# Butchered Beef? Taste?



## MikeParks (Apr 2, 2006)

This question may make me sound silly but here it goes...

We had a jersey/holstien bull (about 2 years old).
After he serviced our cows we shipped him off to the butcher.
The butcher only quartered it and hung it for a week. We picked it up today and started butchering.

After a day of this (not very fast) some decided to taste it. It was not very pleasant. It is rather a hard flavor to describe. I guess I can only describe it as having the same flavor as the odor at the butcher's place. Not pleasant. Also it smells like it. (I assume this smell is that of a lot of fresh raw meat). The butcher is licensed so he has to have the place inspected.

I'm guessing the meat needs to age a while longer (I hope) and that after it has been in the freezer a month it will have mellowed out and taste more like "store" beef?

Any answers/ideas/suggestions?

Thanks
Mike


----------



## Ronney (Nov 26, 2004)

Mike, my guess is that your eating just what you had killed - a bull! You could have hung him for months and he would have still had that strong taste of a bull. How long after working did you have him slaughtered? Any male animal that has been used for servicing should be left for at least 2-3 months before slaughter.

I personally don't like bull meat even if the bull has never worked and because I can eat better, I do.
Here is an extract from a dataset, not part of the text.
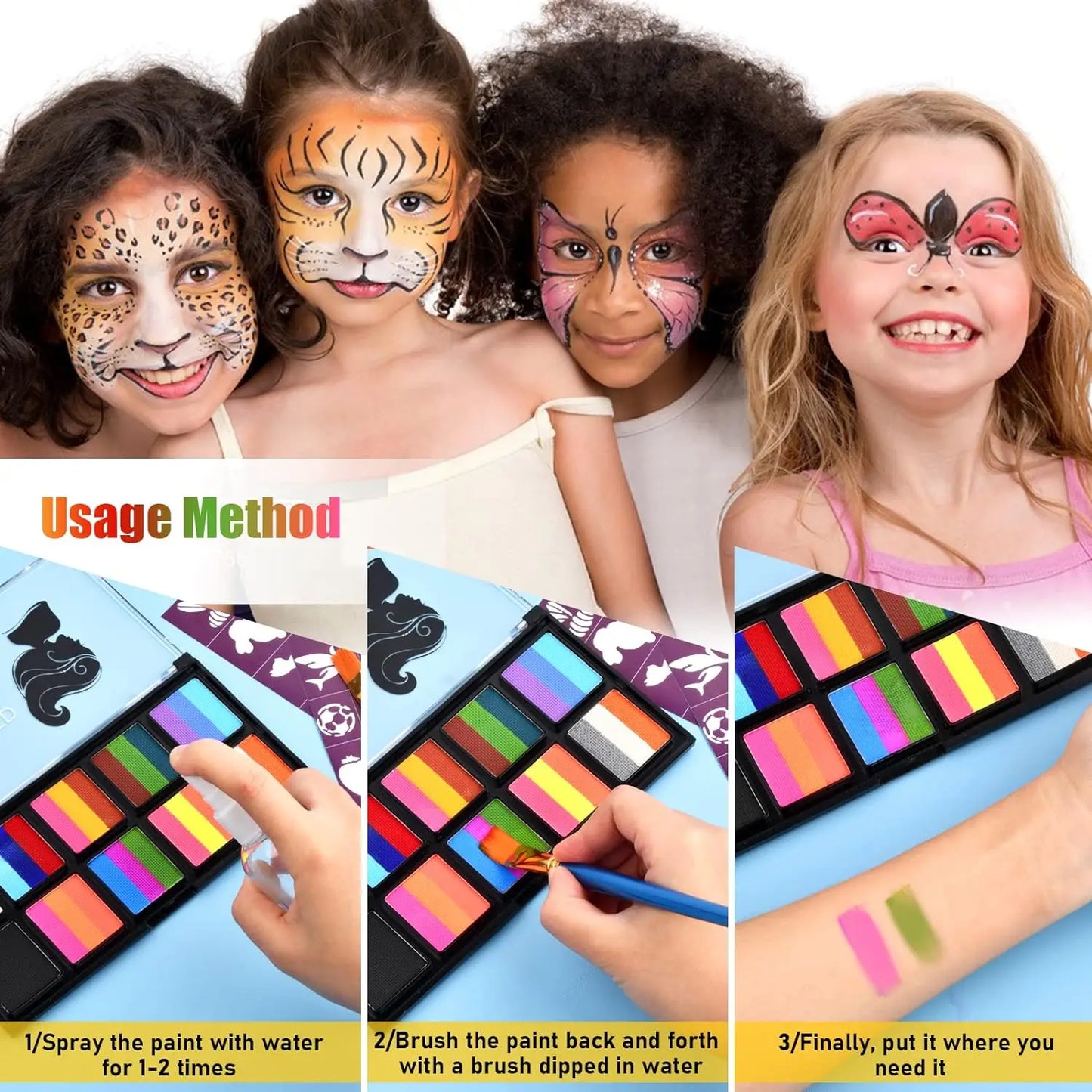 VERONNI 10-Color Body & Face Paint Kit with Brush – Safe Makeup for Kids & Adults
I keep steers for the house and the bull goes off to the works where I get very good money for him.

Sorry, but my opinion is that this meat is never going to taste any better and is no fault of the butcher or the length of time it hung.

Cheers,
Ronnie


----------



## langoley (Jan 26, 2006)

I too agree,this meat will always be"strong" tasting compared to other beef.


----------



## glenn amolenaar (Mar 3, 2007)

I'm sure it is the "bull" smell, taint, you say jersey/holstien if there is alot lot of the yellow jersey fat try trimming it off it will help improve the taste. Why would you want the store bought taste?

Glenn


----------



## haypoint (Oct 4, 2006)

Several factors. People have mentioned that you are getting some Bull taste. 

Was this bull on grain for 6-8 weeks before slaughter? Most meat your are used to eating has been grain fed. Grass (or hay) fed beef has a distinct different flavor.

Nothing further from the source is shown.